All of lore.kernel.org
 help / color / mirror / Atom feed
From: Maciej Fijalkowski <maciej.fijalkowski@intel.com>
To: Larysa Zaremba <larysa.zaremba@intel.com>
Cc: Jakub Kicinski <kuba@kernel.org>, <anthony.l.nguyen@intel.com>,
	<davem@davemloft.net>, <pabeni@redhat.com>, <edumazet@google.com>,
	<andrew+netdev@lunn.ch>, <netdev@vger.kernel.org>,
	<vinschen@redhat.com>, <alexander.nowlin@intel.com>
Subject: Re: [PATCH net 1/8] ice: fix UAF/NULL deref when VSI rebuild and XDP attach race
Date: Mon, 1 Jun 2026 14:21:34 +0200	[thread overview]
Message-ID: <ah15Ti7O2m3Hj2T+@boxer> (raw)
In-Reply-To: <ahlIwmIHiPsB50Zn@soc-5CG4396X81.clients.intel.com>

On Fri, May 29, 2026 at 10:05:22AM +0200, Larysa Zaremba wrote:
> On Thu, May 28, 2026 at 11:14:15AM +0200, Maciej Fijalkowski wrote:
> > On Fri, May 22, 2026 at 05:16:16PM -0700, Jakub Kicinski wrote:
> > > This is an AI-generated review of your patch. The human sending this
> > > email has considered the AI review valid, or at least plausible.
> > > ---
> > > ice: fix UAF/NULL deref when VSI rebuild and XDP attach race
> > > 
> > > This commit addresses a race condition between a VSI rebuild and an XDP
> > > attach operation.
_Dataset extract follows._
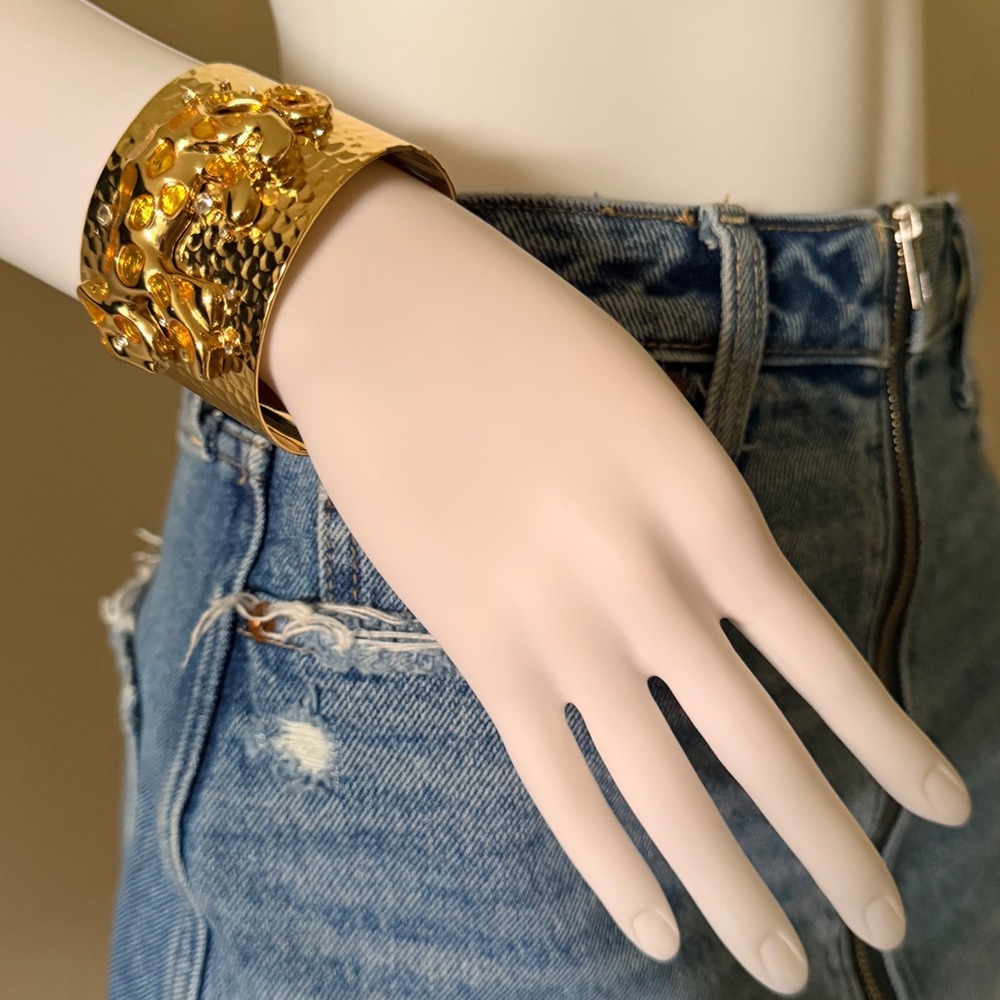 Lilly Pulitzer Women's  Gold Hammered Leopard Cuff Bracelet Amber Stones Crystal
It prevents rx_ring->xdp_prog from being populated before
> > > rx_ring->xdp_ring is valid by rejecting the XDP attach when a VSI rebuild
> > > is pending. XDP detachment is still permitted during this window to clear
> > > the existing program.
> > > 
> > > Fixes: 2504b8405768 ("ice: protect XDP configuration with a mutex")
> > > 
> > > > diff --git a/drivers/net/ethernet/intel/ice/ice_main.c b/drivers/net/ethernet/intel/ice/ice_main.c
> > > > --- a/drivers/net/ethernet/intel/ice/ice_main.c
> > > > +++ b/drivers/net/ethernet/intel/ice/ice_main.c
> > > [ ... ]
> > > > @@ -2912,12 +2912,21 @@ ice_xdp_setup_prog(struct ice_vsi *vsi, struct bpf_prog *prog,
> > > >  	}
> > > >  
> > > >  	/* hot swap progs and avoid toggling link */
> > > > -	if (ice_is_xdp_ena_vsi(vsi) == !!prog ||
> > > > -	    test_bit(ICE_VSI_REBUILD_PENDING, vsi->state)) {
> > > > +	if (ice_is_xdp_ena_vsi(vsi) == !!prog) {
> > > >  		ice_vsi_assign_bpf_prog(vsi, prog);
> > > >  		return 0;
> > > >  	}
> > > >  
> > > > +	if (test_bit(ICE_VSI_REBUILD_PENDING, vsi->state)) {
> > > 
> > > [Severity: High]
> > > This is a pre-existing issue, but is the check for ICE_VSI_REBUILD_PENDING
> > > prone to a TOCTOU race because it relies on ad-hoc flag synchronization
> > > instead of proper locking with the device reset path?
> > > 
> > > The asynchronous reset path (ice_prepare_for_reset()) sets
> > > ICE_VSI_REBUILD_PENDING without holding vsi->xdp_state_lock or rtnl_lock().
> > > 
> > > If ice_xdp_setup_prog() (which holds both locks) checks the bit before it
> > > is set, it proceeds to configure XDP and sets ICE_VSI_DOWN. If the reset
> > > path then sets the bit and calls ice_pf_dis_all_vsi(), it will skip this
> > > VSI because ICE_VSI_DOWN is already set.
> > >
> 
> Here is ice_dis_vsi()
> 
> void ice_dis_vsi(struct ice_vsi *vsi, bool locked)
> {
> 	bool already_down = test_bit(ICE_VSI_DOWN, vsi->state);
> 
> 	set_bit(ICE_VSI_NEEDS_RESTART, vsi->state);
> 
> 	if (vsi->netdev && (vsi->type == ICE_VSI_PF ||
> 			    vsi->type == ICE_VSI_SF)) {
> 		if (netif_running(vsi->netdev)) {
> 			if (!locked)
> 				rtnl_lock();
> 			already_down = test_bit(ICE_VSI_DOWN, vsi->state);
> 			if (!already_down)
> 				ice_vsi_close(vsi);
> 
> 			if (!locked)
> 				rtnl_unlock();
> 		} else if (!already_down) {
> 			ice_vsi_close(vsi);
> 		}
> 	} else if (vsi->type == ICE_VSI_CTRL && !already_down) {
> 		ice_vsi_close(vsi);
> 	}
> }
> 
> For __LINK_STATE_START netdevs, DOWN state is rechecked under rtnl_lock() 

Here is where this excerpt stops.